Stocks finish the day and the week flat (the SP500 was nearly perfectly unchanged W/W). Heading into the weekend, the SP500 is back to the levels immediately prior to the post-Fed surge (recall the Fed decision hit on Wed 11/3 and the SP ripped ~2% on 11/4; we are back to those 11/3 levels). We have spent the last couple weeks consolidating/digesting the recent rally and still remain up ~14% from 9/1 (despite the sluggish action of the last two weeks, the SP500 is only off ~2.2% from its highs).
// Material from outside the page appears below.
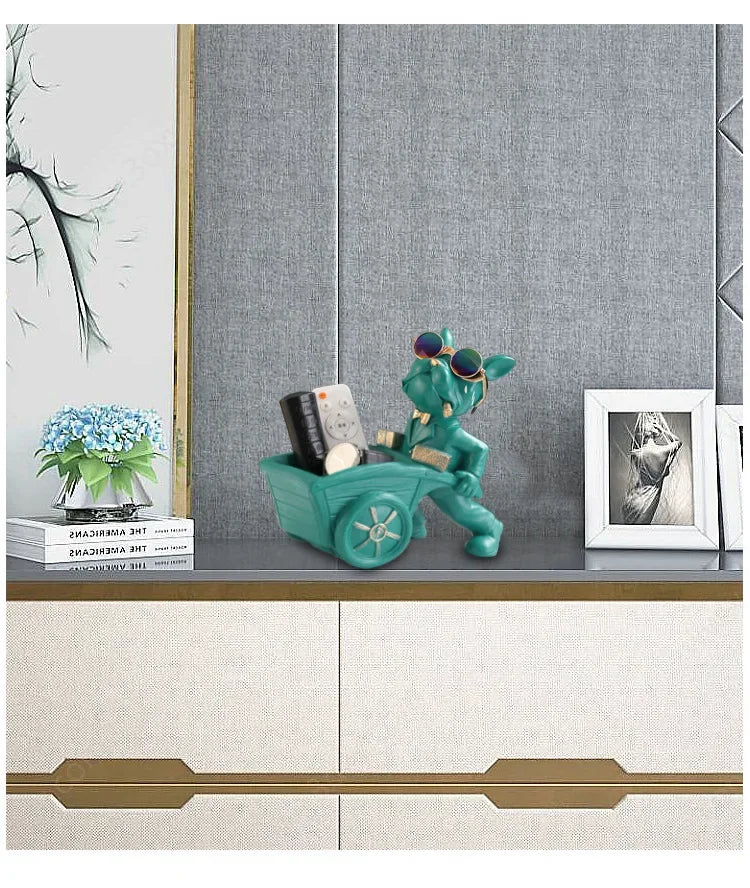 Builder French Bulldog with Wheelbarrow – Resin Dog Statue | Living Room Table Decoration & Home Ornament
There were three negatives that hit equities from their highs these past two weeks although investors have now received clarity on all these issues:

1) Ireland – the country’s CDS spreads have tightened ~100bp from their wides as press reports indicate that some kind of EU/IMF bailout is in the works w/an announcement due next week. While confirmation of an aid activation will not be a panacea (note that Greek spreads are at all time wides as of Fri despite having been bailed out months ago) and there are still worries around other Eurozone sovereigns (specifically Portugal), a bailout should help calm tensions.
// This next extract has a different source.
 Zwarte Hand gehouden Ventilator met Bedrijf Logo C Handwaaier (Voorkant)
2) China – the Shanghai index pulled back nearly 10% from its highs in just the last 1.5 weeks, w/steep declines during some single sessions. The big fear has been that officials would implement aggressive tightening measures to clamp down on inflation. However, by Fri afternoon some of those concerns abated, as the country pushed through another 50bp bank RRR (the 5th of the year) and not a more severe lending rate increase. While officials have talked about focusing hard on keeping a lid on surging food costs, there are several non-monetary measures it could pursue to achieve this goal (inc. releasing some of its strategic reserve stocks). Keep in mind too that the government only feels comfortable to embark down this road b/c of its confidence in the country’s growth outlook and also that it won’t imperil the domestic jobs market (one of the most interesting anecdotes from the new George W Bush book was his exchange w/Chinese President Hu Jintao in which Hu stated that his greatest worry was creating 25MM jobs each year.

3) Tech Spending – the CSCO earnings from back on Nov 10 raised several concerns for tech investors, although the reports released subsequently have calmed some of those fears. Comments from NTAP, DELL, MOT, and others, have all suggested that government spending hasn’t seen the precipitous decline that J Chambers spoke to.